Doing work that Matters


Seth Godin blog something really remarkable that every pastor should take heed. I am reposting his blog and will comment

The first rule of doing work that matters

Go to work on a regular basis.

Art is hard. Selling is hard. Writing is hard. Making a difference is hard.

When you’re doing hard work, getting rejected, failing, working it out–this is a dumb time to make a situational decision about whether it’s time for a nap or a day off or a coffee break.

Zig taught me this twenty years ago. Make your schedule before you start. Don’t allow setbacks or blocks or anxiety to push you to say, “hey, maybe I should check my email for a while, or you know, I could use a nap.” If you do that, the lizard brain is quickly trained to use that escape hatch again and again.

Isaac Asimov wrote and published 400 (!) books using this technique.

The first five years of my solo business, when the struggle seemed neverending, I never missed a day, never took a nap. (I also committed to ending the day at a certain time and not working on the weekends. It cuts both ways.)

In short: show up.

They say pastor don’t have a 9 to 5 job and it is quite true. For some pastors they go beyond 9 to 5 and if they don’t check their schedule they may end up having a wife who despises him and kids who don’t know him because the church has taken him away from his family.

BUT at the same breath let me say something important.

A lot of pastors mismanage their time. The reason ministry time is eating up most of their time is because they never showed up when it really mattered. A pastor must exemplify work ethic because we are in a way looked upon as people who serve God literally.

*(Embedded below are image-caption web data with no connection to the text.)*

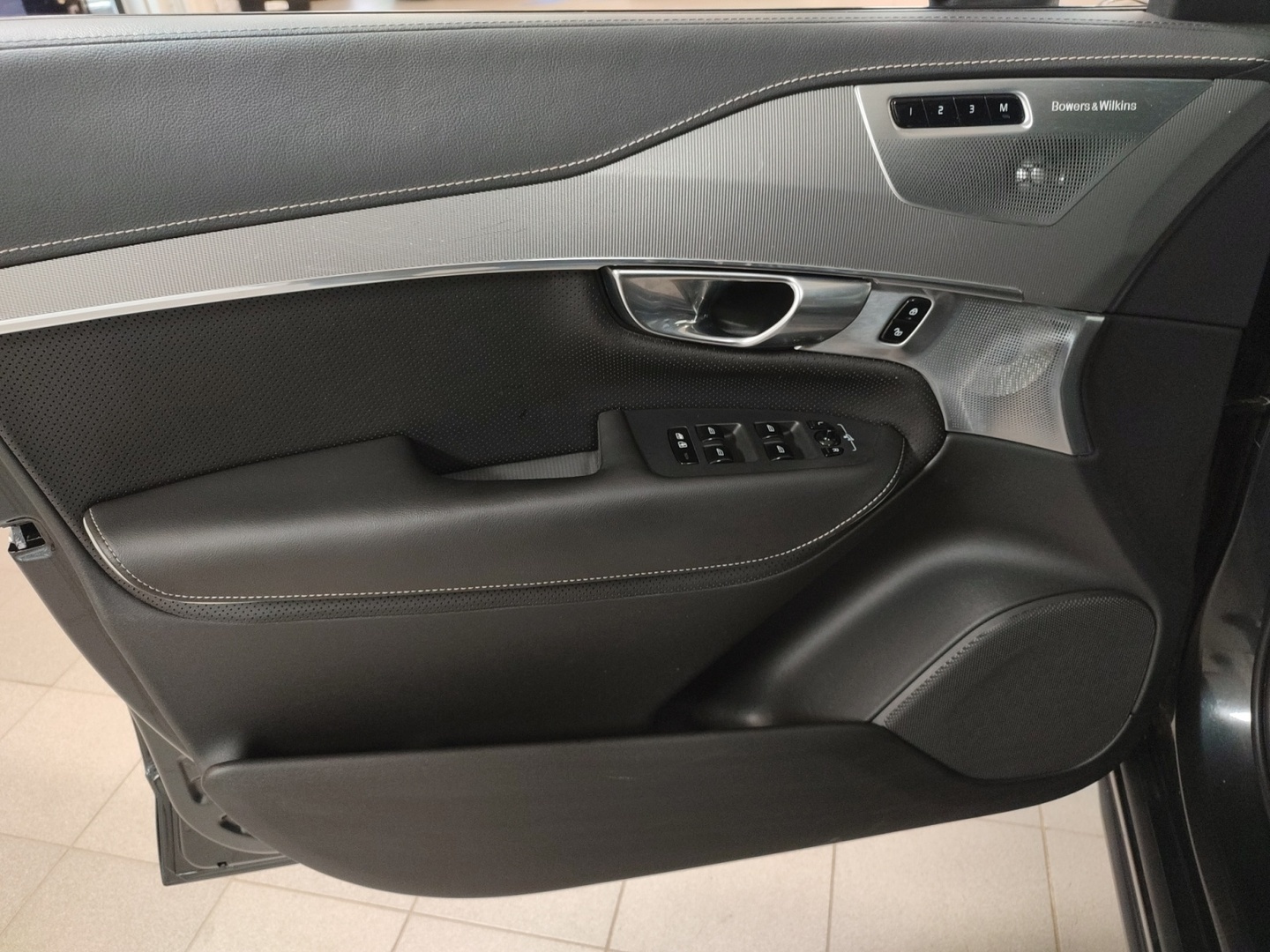 VOLVO XC90 2021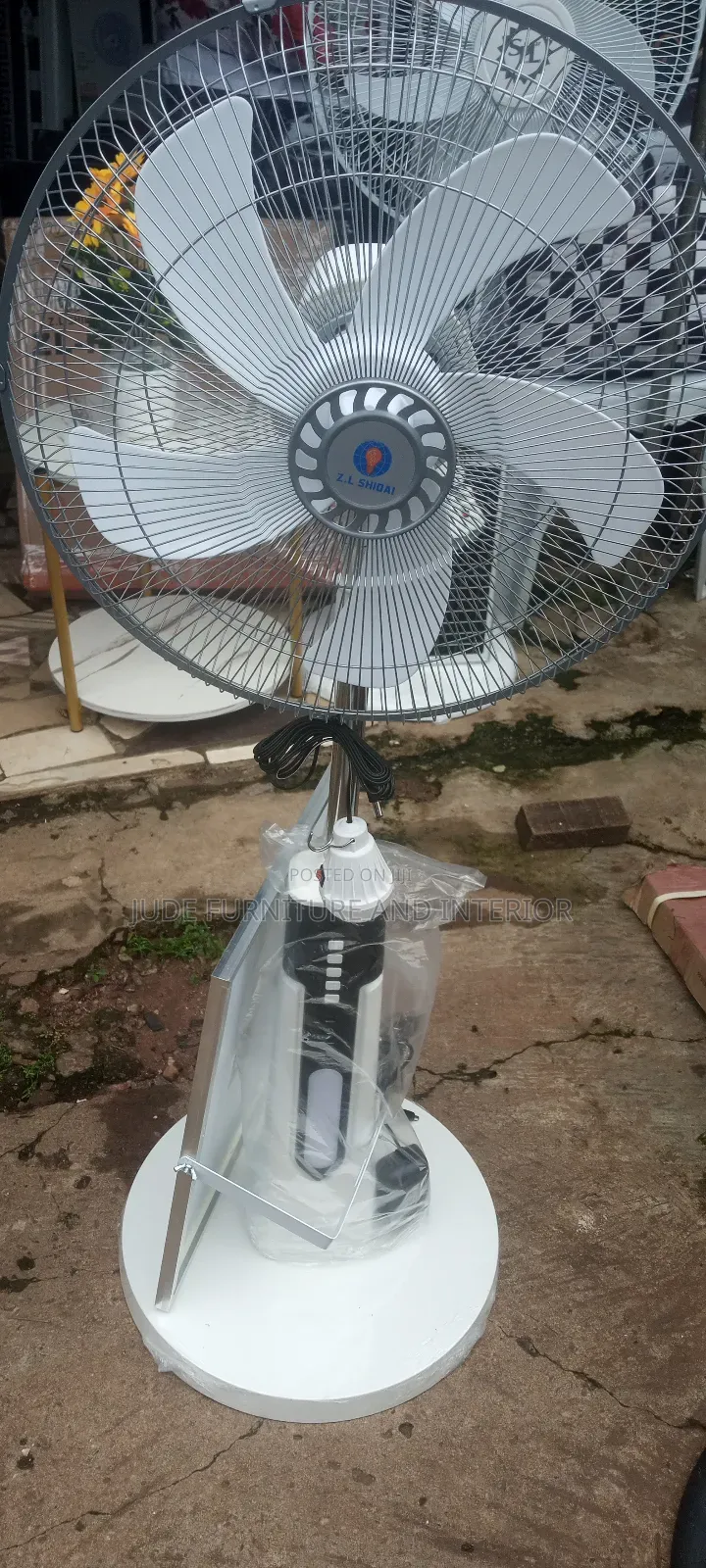18in Mosquito Repellent Solar Fan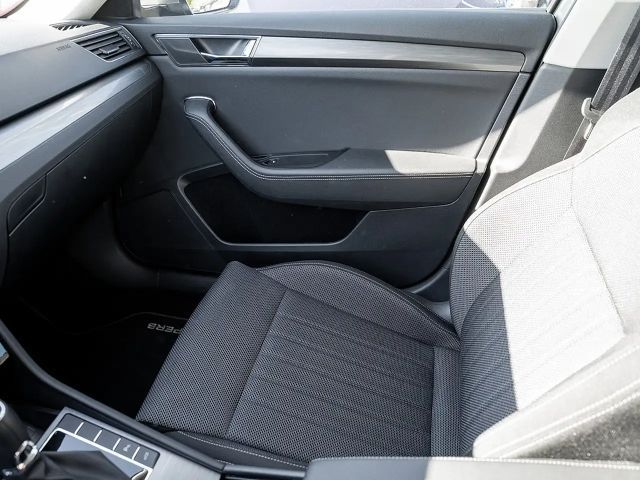 Skoda Superb 2.0 TDI Combi Style Style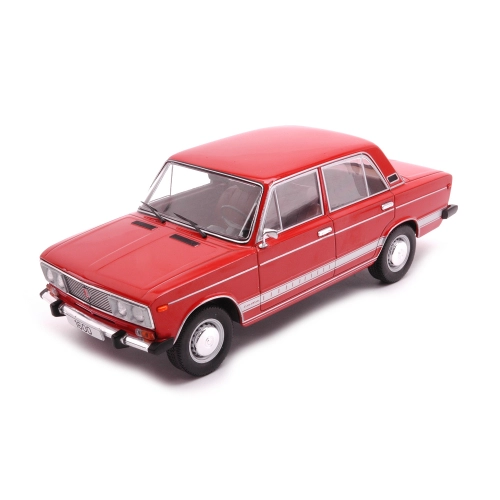 LADA 1600 LS 1976 RED 1:24 Whitebox Auto Stradali Modellino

I’ve learned a valuable lesson about ministry and work and Ive blogged about it in one of my post last year. I learned it from pastor Steve Murrell when he shared to us the principle of logging on and logging off. Click here to read the post and it might save your life.

Pastors we need to show up. That means being in your office and working. That means being on time in meetings. That means your church staff should know where to find you when needed. That means your church staff should know when not to disturb you because you have set a time for work and a time for rest. That means meeting people that matters to your work. I hope you get what I mean?